_Task to carry out_: Would you return, word for word, the lines of the data below from the line with "Bulgaristan, 'defolu' S-300" through the line with "Usado Renault Clio", and no others?

_Data for this task_:
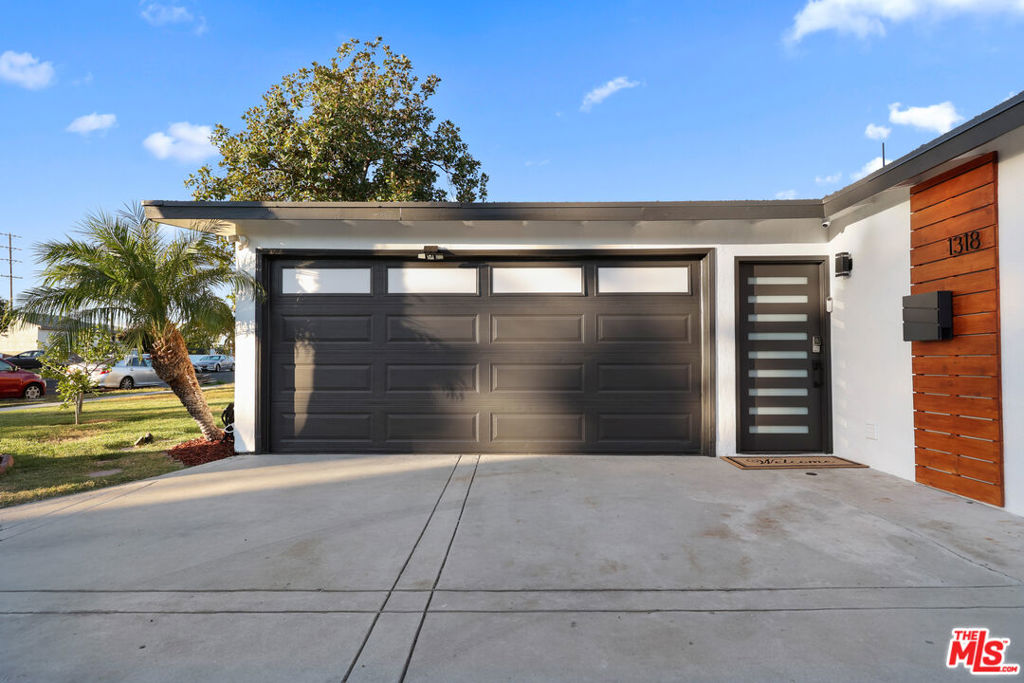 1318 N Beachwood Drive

==

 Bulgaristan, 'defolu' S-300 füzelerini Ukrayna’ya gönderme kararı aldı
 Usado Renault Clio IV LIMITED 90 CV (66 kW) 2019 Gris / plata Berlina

_Reply to the task_:
 Bulgaristan, 'defolu' S-300 füzelerini Ukrayna’ya gönderme kararı aldı
 Usado Renault Clio IV LIMITED 90 CV (66 kW) 2019 Gris / plata Berlina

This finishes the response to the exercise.